The Kathua gang-rape and murder led to demand for harsher punishment against convicts
New Delhi:
Bar Council of India Chairman Manan Mishra today said the
ordinance to amend the Protection of Children from Sexual Offences Act (POCSO) was a step taken in hurry. He said the amendment should have been brought after proper discussions.
"Pros and cons should have been considered.
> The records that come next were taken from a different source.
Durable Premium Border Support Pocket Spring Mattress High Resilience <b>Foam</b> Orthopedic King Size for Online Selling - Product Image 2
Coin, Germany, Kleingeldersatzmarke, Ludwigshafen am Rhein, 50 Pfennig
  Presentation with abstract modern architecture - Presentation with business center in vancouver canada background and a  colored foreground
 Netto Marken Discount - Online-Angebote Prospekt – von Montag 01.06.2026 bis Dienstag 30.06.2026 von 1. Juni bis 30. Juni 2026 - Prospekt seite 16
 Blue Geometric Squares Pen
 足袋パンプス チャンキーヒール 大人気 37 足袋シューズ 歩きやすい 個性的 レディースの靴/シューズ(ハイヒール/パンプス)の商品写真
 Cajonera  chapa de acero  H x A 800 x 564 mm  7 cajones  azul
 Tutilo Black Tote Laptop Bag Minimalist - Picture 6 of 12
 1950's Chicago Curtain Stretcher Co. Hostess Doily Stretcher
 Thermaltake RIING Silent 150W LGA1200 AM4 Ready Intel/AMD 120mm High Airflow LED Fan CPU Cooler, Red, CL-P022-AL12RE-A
Only then such amendments should be made," Mr Mishra said.
Amid nationwide grief and anger over the gang-rape and murder of an eight-year-old girl in Jammu and Kashmir's Kathua, there had been a move to change the law for sexual crimes against children to bring in the death penalty for child rape.
Union Minister Maneka Gandhi had declared it in a video message earlier this month, in which she said she was "deeply, deeply" disturbed by the Kathua rape case.
Maneka Gandhi had said her Women and Child Development Ministry would move a cabinet note to amend the POCSO Act. The union cabinet on April 21 approved the amendment in the POCSO Act, putting a stamp on awarding death penalty to rapists of children below 12 years.
A day later, President Ram Nath Kovind promulgated the ordinance to strengthen the law.
The centre had responded to the barrage of attacks over the government's inability to curb sexual crimes against girls with an executive order to introduce death penalty for child rapists, longer jail term for all rapists and set an ambitious four-month deadline to complete investigation and trial in all rape cases.
The changes, which will become law once cleared by the President, raises the minimum punishment for rape from seven years to 10 years, extendable to life imprisonment.
The minimum punishment for rape of a girl under 16 has been doubled to 20 years. Also, the judge has been given a free hand to order that the convict can never step out of jail for the rest of his life.